6.) Welche Zielsetzungen haben Sie sich für dieses Jahr vorgenommen?

Fritz-Wilhelm Pahl: Unsere Position als Premium-Lieferant weiter festigen und mit unseren Neuentwicklungen unsere Position im Markt weiter stärken.

7.) Sind Sie mit dem Standort Ostwestfalen-Lippe und dessen Image zufrieden? Welche Faktoren schätzen Sie besonders? Oder haben Sie diesbezüglich Verbesserungsvorschläge?

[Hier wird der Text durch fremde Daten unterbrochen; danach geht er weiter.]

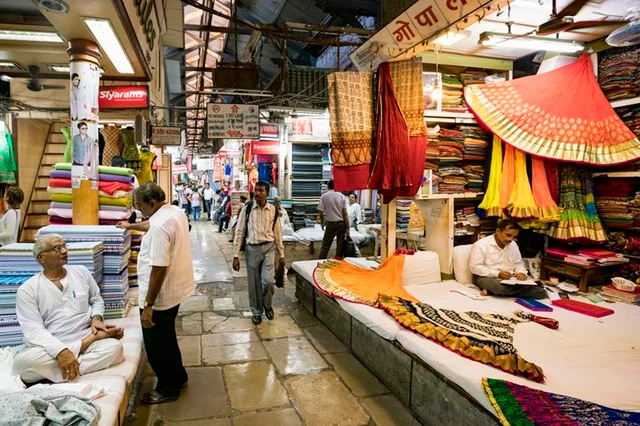 National Handloom Day 2018: 8 Mumbai markets for fabrics on a budget!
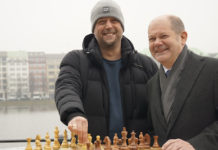 El actual canciller alemán Olaf Scholz ante un tablero de ajedrez junto al cantante Smudo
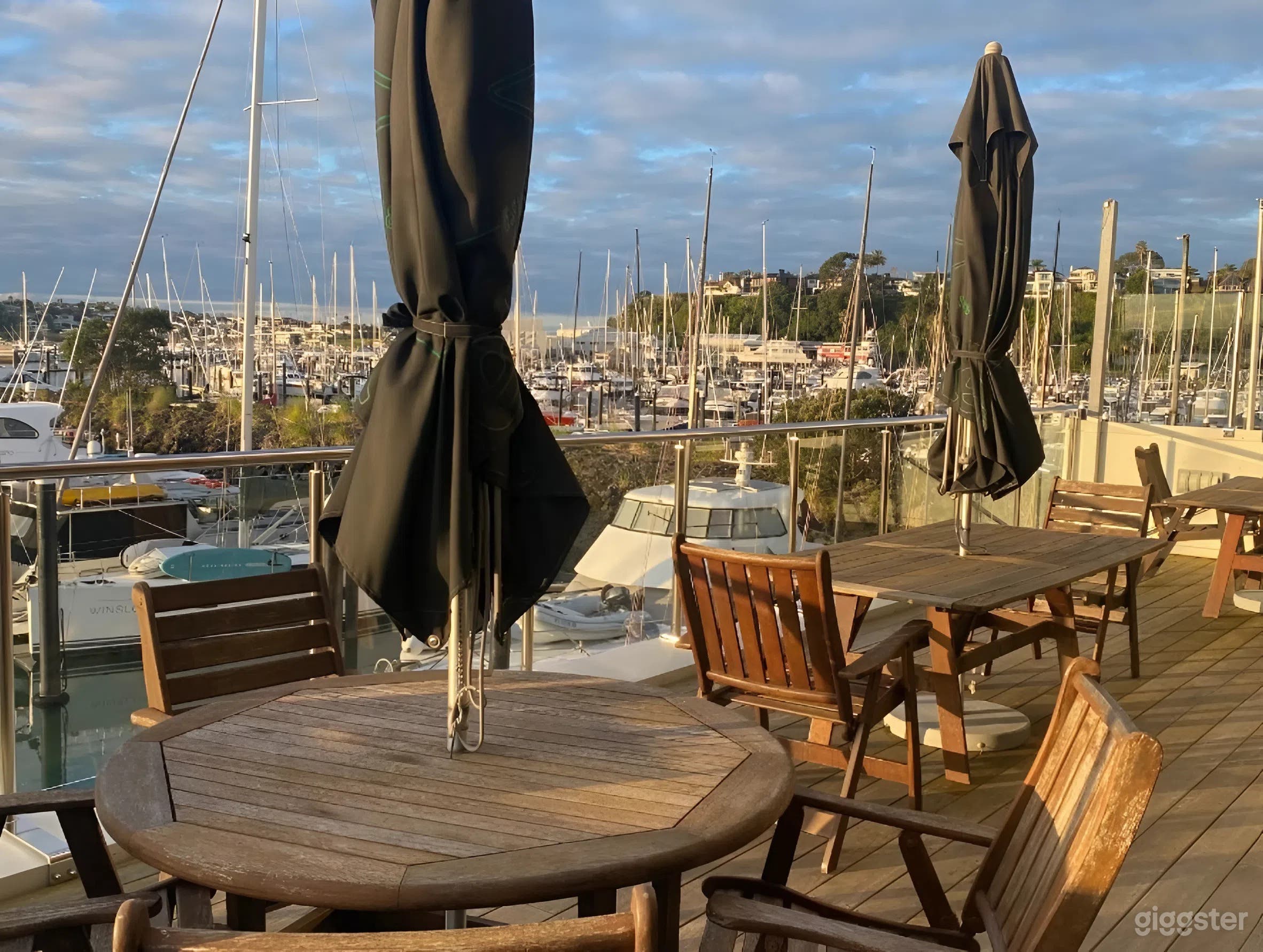 Percy Jones Memorial Lounge - Waterfront with Marina  Views Photo 4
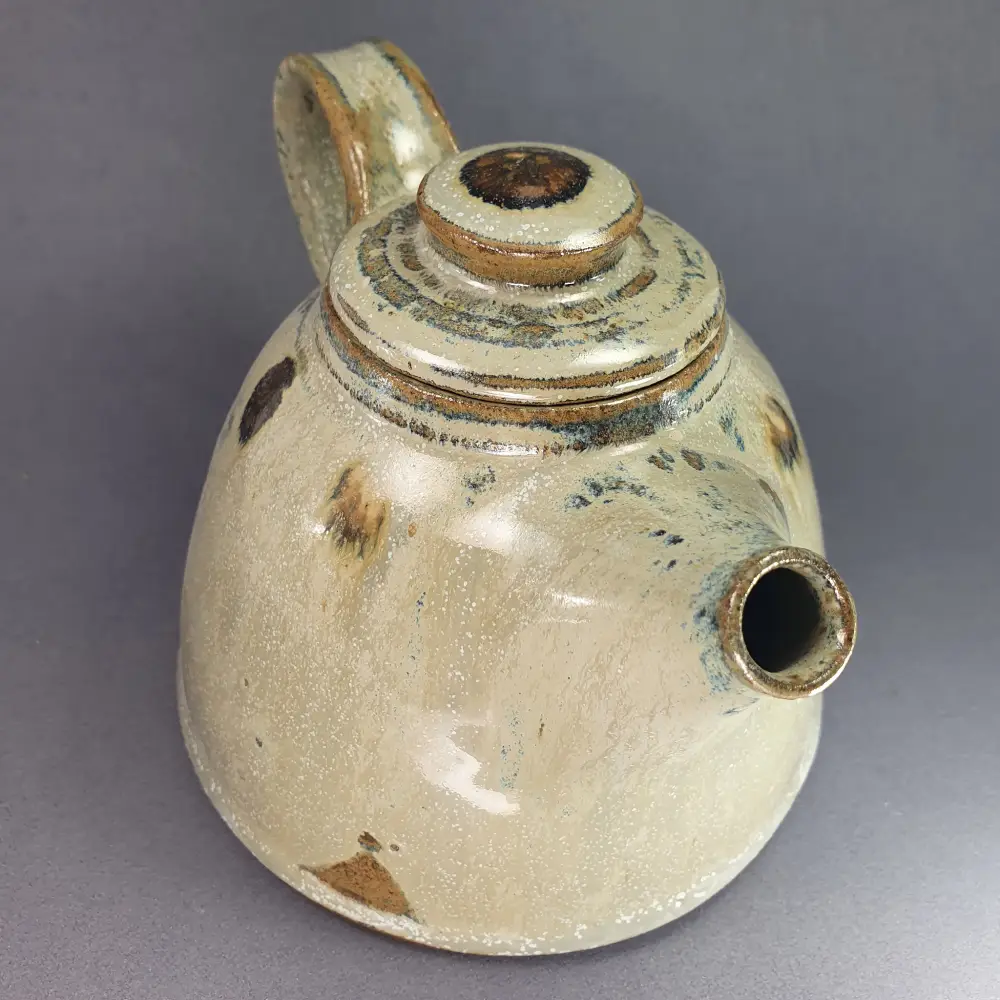 Théière artisanale en grès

Fritz-Wilhelm Pahl: Ja. Als mittelständisches und Standort verbundenes Unternehmen können wir in Ostwestfalen auf eine lange Tradition zurück blicken. Seit 1952 sind wir als Spezialist für Stahlumformung und –veredelung am Markt und produzieren nach wie vor zu 100 % am Standort Delbrück mit speziellen Verformungs- und Glasurtechniken, über die Bette exklusiv verfügt. Wir haben motivierte und leistungsfähige Mitarbeiter, verfügen über eine hohe Spezialisierung und hochautomatisierte Fertigung und sind unserem Standort Ostwestfalen-Lippe auch in Zukunft treu verbunden.

8.) Was war für Sie das Highlight 2009? Welches Thema hat Sie im vergangenen Jahr neben der Wirtschaftskrise am meisten beschäftigt – sowohl positiv als auch negativ?

Fritz-Wilhelm Pahl: Das positive Highlight war die Geburt unseres 3. Enkelkindes. Extrem negativ habe ich empfunden, dass CDU/CSU und FDP nach erfolgreicher Wahl den Neuanfang nicht gewagt haben.

9.) Wer hatte Ihrer Meinung nach 2009 den schwierigsten Job?

Fritz-Wilhelm Pahl: Jeder Unternehmer, der 2009 verantwortungsbewusst und nach den Tugenden des ehrbaren Kaufmanns gehandelt hat, hatte einen schweren, zumindest keinen leichten Job.

10.) Haben Sie für das Jahr 2010 ein bestimmtes Motto?

Fritz-Wilhelm Pahl: Bette sieht jetzt und in der Zukunft seine Position „Natürlich im Bad“ – das ist auch unser Motto.